The Bank of Canada fixes the bank rate, which is the amount it charges for the relatively infrequent loans it makes to the chartered banks. The bank rate signals the direction in which the Bank of Canada wants interest rates to move. The Bank of Canada will raise the bank rate to try to reduce inflation, for example, or lower the bank rate to help curb deflation (a decline in money supply — the opposite of inflation).
During the 1970s, the bank rate was fixed at a certain percentage rate for periods that typically lasted for months and then changed by a Bank of Canada announcement. In 1975, Prime Minister Pierre Elliott Trudeau introduced the Anti-Inflation Board, which sought to control wage and price increases. Correspondingly, the Bank of Canada began to try to cut inflation by raising interest rates in 1978 through 1981. This move was based on the theory that with high interest rates, consumers would be unwilling to borrow for goods such as houses and cars, and businesses would be unwilling to invest; thus, a rise in interest rates would cut down the demand for goods and services, which would reduce the upward pressure on prices. This policy (the use of interest rates to cut inflation) culminated in 1981 when the bank rate rose above 21 per cent and the prime lending rate was 22.75 per cent.
Canadian rates might not have reached such levels had it not been for the rise in rates in the United States, where a similar monetarist policy was in effect (see Monetary Policy).
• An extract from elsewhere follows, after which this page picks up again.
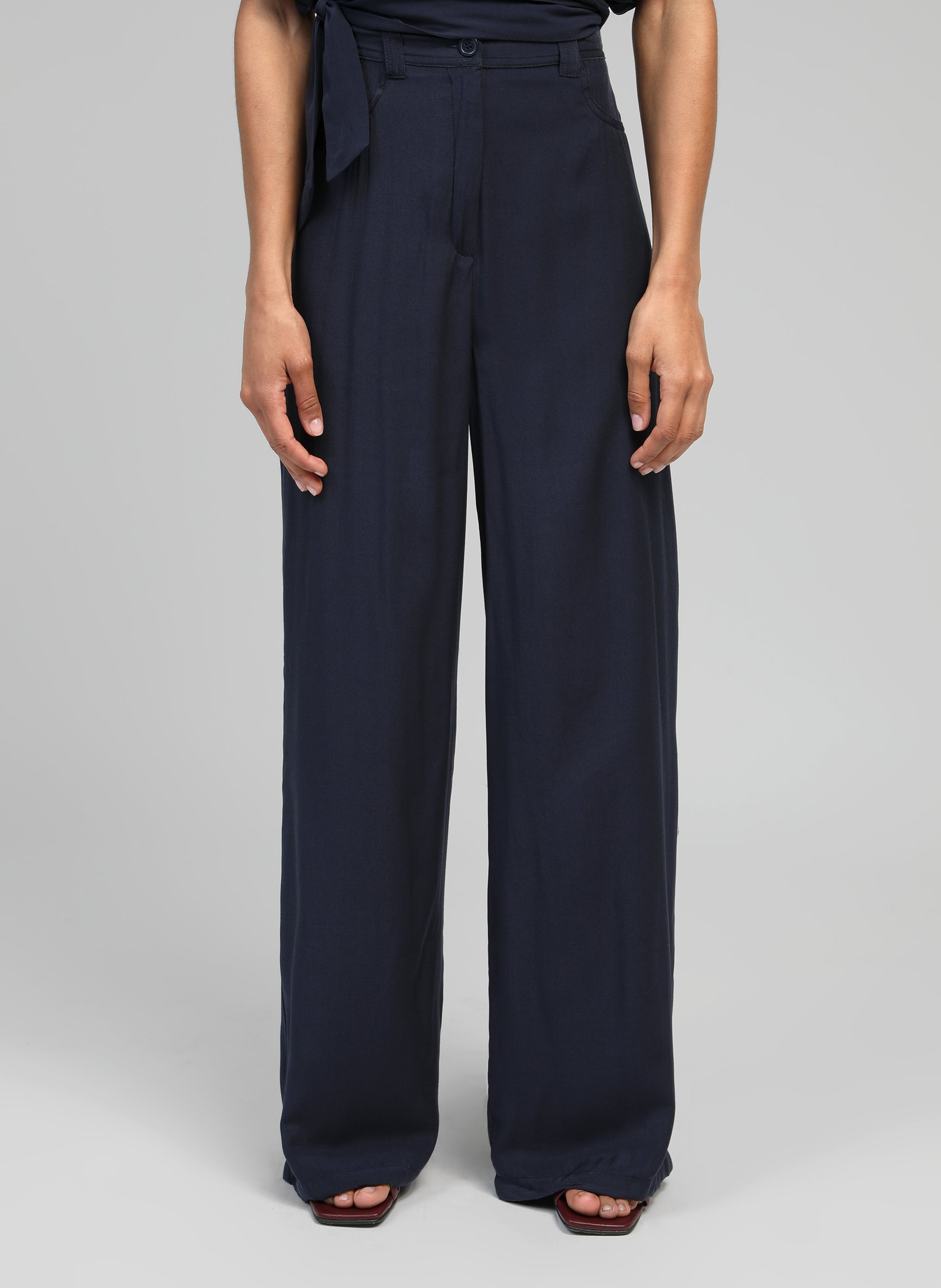 Pantalones PHOEBELANE azul marino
When American rates rise and Canadian rates do not follow, money tends to flow to the US as lenders seek the higher return on their loans. This outflow pushes the value of the Canadian dollar down relative to the value of other foreign currencies, such as the American dollar. Imported goods then cost more in Canadian dollars (see Imports), and this tends to raise the inflation rate in Canada. One way to break the close connection between Canadian and American interest rates is to control the flow of money in and out of Canada, as was done during the Second World War by a system of exchange controls (see Exchange Rates).
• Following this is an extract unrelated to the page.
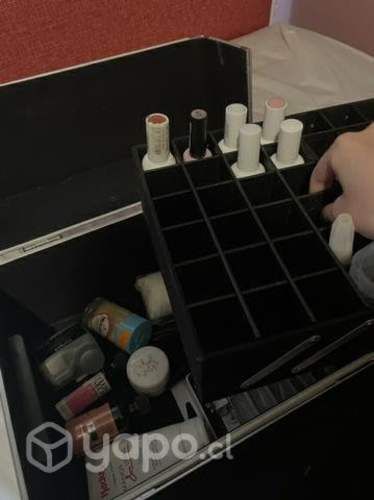 Maleta de uñas + lámpara led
The overnight rate refers to the interest rate used by large banks in the overnight market to lend and borrow from each other. In Canada, the Bank of Canada sets a target rate for the overnight rate, which it refers to as the policy interest rate. In March 1980, the Bank of Canada shifted to a system under which the bank rate was changed each week to match changes in the rate paid by the federal government to borrow money for 90 days by selling treasury bills. In February 1996, the Bank of Canada adopted a new approach. It began setting the bank rate at the upper limit on a one-half-percentage-point range (e.g., 0.75 per cent to 1.25 per cent) for overnight loans to financial institutions — over which it has more control than the rate on 90-day treasury bills. The range, or operating band, is fixed by the bank and is only adjusted when the bank wants a change in other short-term rates, such as for consumer and business loans. For example, the bank rate was changed five times in 1998. At the end of 1998, the bank rate was 5.25 per cent, which was the top of the 4.75 to 5.25 per cent operating band. Other lenders, usually, quickly match changes in the bank rate with increases or decreases in their prime rates, to which consumer and business loans are tied. In November 2000, the Bank of Canada announced that it planned to introduce eight fixed dates each year to announce changes to the overnight rate. Fixed announcements of possible interest rate changes ensure less speculation about a rate that affects not only large banks, but consumer loan and mortgage rates, as well as the exchange rate for the Canadian dollar.